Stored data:
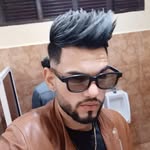 Dorian Parra - @dorian.parra.568 - Instagram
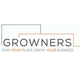 Growners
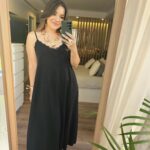 Vestido 2805 - Imagen 22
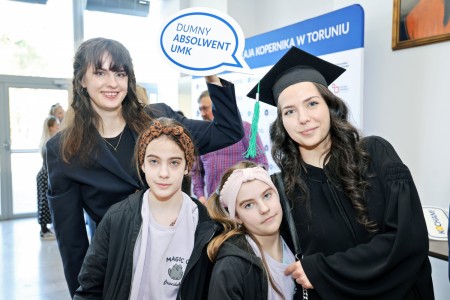 Kliknij, aby powiększyć zdjęcie.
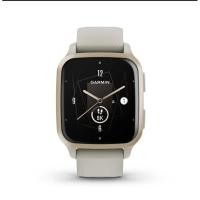 ราคา Garmin Venu Sq 2 Music Edition (24356034784)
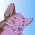 Muru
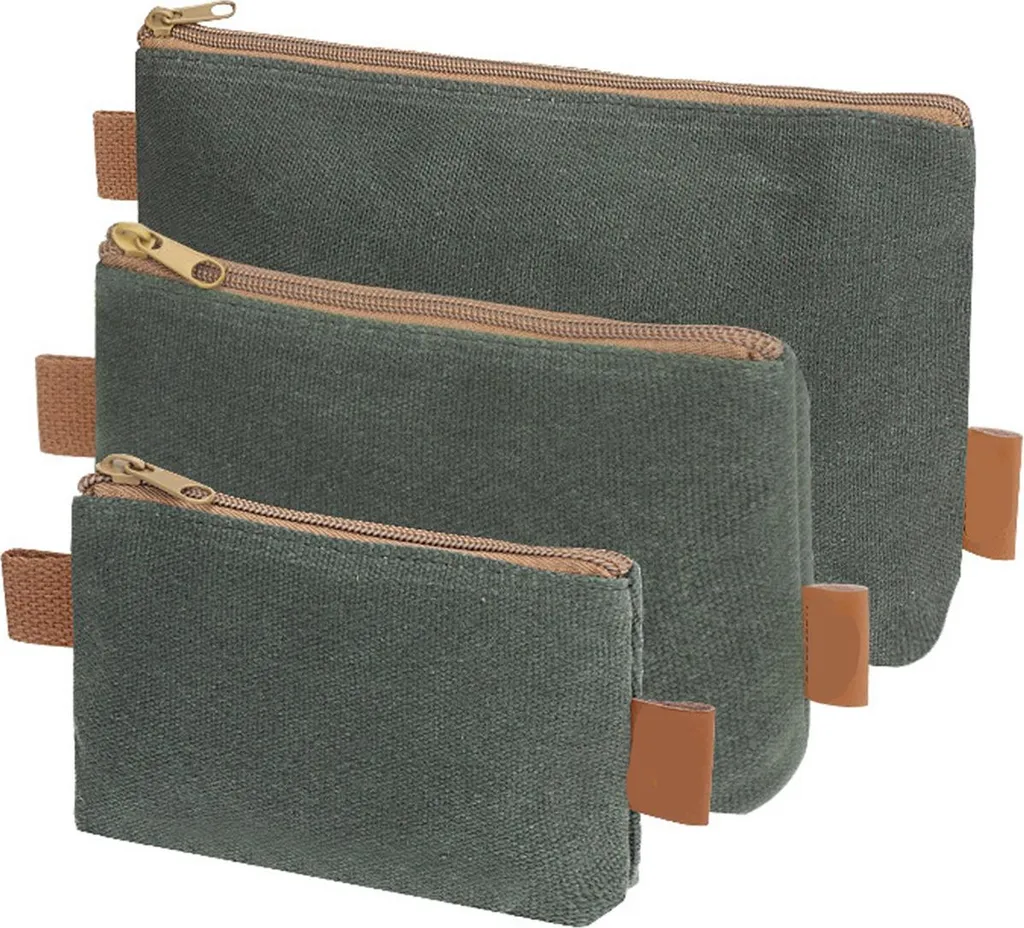 Borsa porta attrezzi per auto - 2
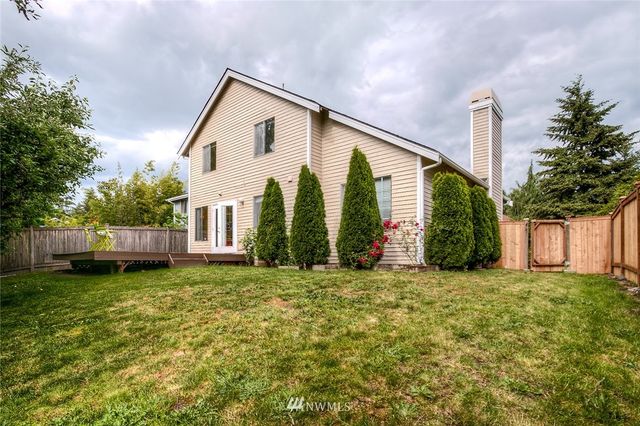 $538,000 | 13305 122nd Place Northeast, Kirkland, WA 98034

Exercise: Your answer must be the lines from the one holding "ราคา Garmin Venu" through the final line of the records above, exactly as written and without any pictures.

Task answer:
 ราคา Garmin Venu Sq 2 Music Edition (24356034784)
 Muru
 Borsa porta attrezzi per auto - 2
 $538,000 | 13305 122nd Place Northeast, Kirkland, WA 98034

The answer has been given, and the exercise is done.